- _Goal of the exercise_
Through to the final line, write out the records below exactly, omitting any images they contain.

- _Exercise data_
════════════════
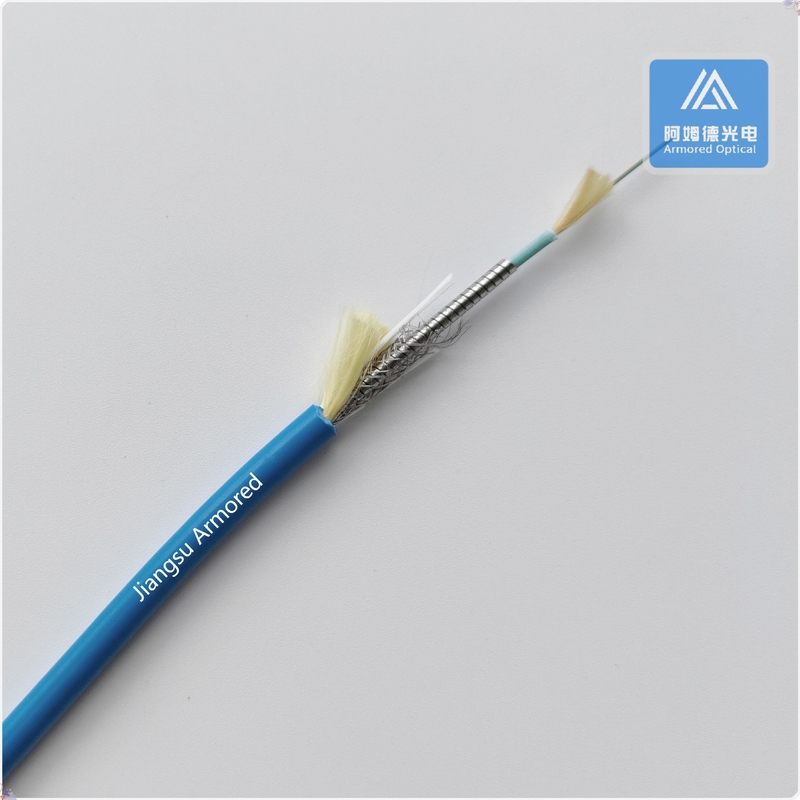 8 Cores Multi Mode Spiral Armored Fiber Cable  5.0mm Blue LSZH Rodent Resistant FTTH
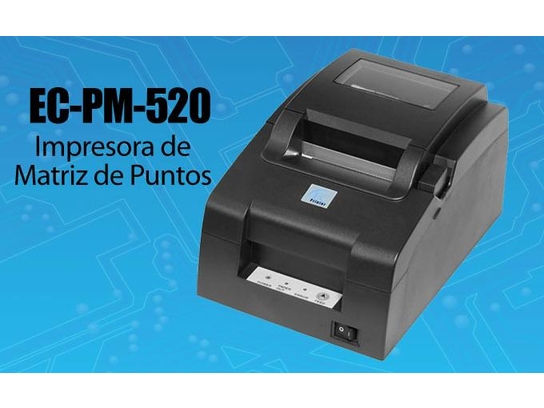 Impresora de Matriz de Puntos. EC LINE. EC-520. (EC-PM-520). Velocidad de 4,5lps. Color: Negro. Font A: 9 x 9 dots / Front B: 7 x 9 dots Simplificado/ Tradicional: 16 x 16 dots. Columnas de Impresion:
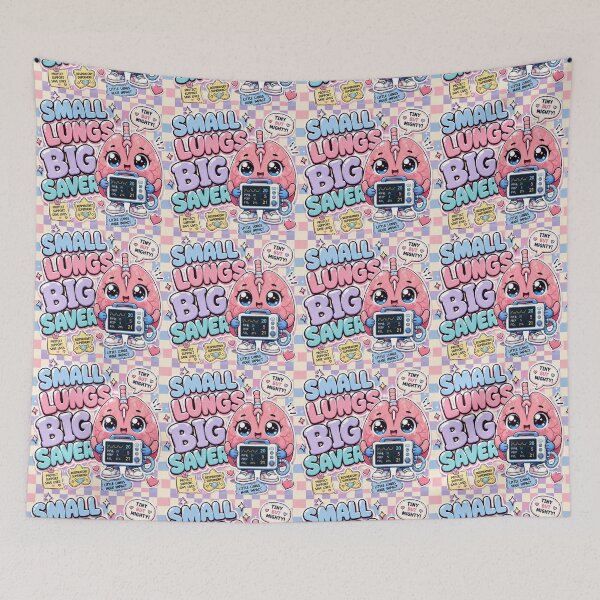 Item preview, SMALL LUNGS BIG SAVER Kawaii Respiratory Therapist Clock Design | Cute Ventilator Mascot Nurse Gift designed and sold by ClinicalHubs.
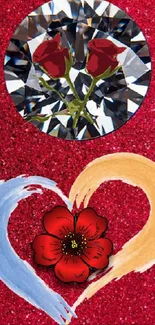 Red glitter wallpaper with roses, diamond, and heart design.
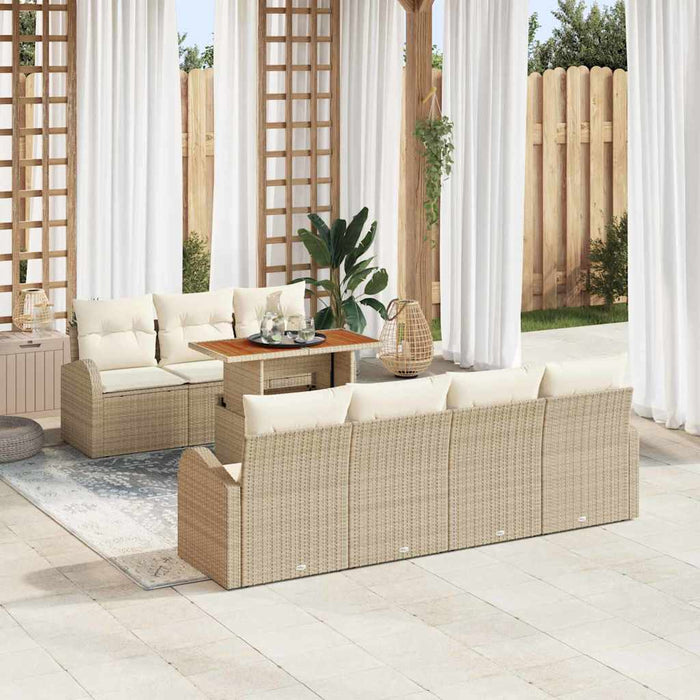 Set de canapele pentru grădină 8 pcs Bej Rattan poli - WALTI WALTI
════════════════
- _Result for this task_
 8 Cores Multi Mode Spiral Armored Fiber Cable  5.0mm Blue LSZH Rodent Resistant FTTH
 Impresora de Matriz de Puntos. EC LINE. EC-520. (EC-PM-520). Velocidad de 4,5lps. Color: Negro. Font A: 9 x 9 dots / Front B: 7 x 9 dots Simplificado/ Tradicional: 16 x 16 dots. Columnas de Impresion:
 Item preview, SMALL LUNGS BIG SAVER Kawaii Respiratory Therapist Clock Design | Cute Ventilator Mascot Nurse Gift designed and sold by ClinicalHubs.
 Red glitter wallpaper with roses, diamond, and heart design.
 Set de canapele pentru grădină 8 pcs Bej Rattan poli - WALTI WALTI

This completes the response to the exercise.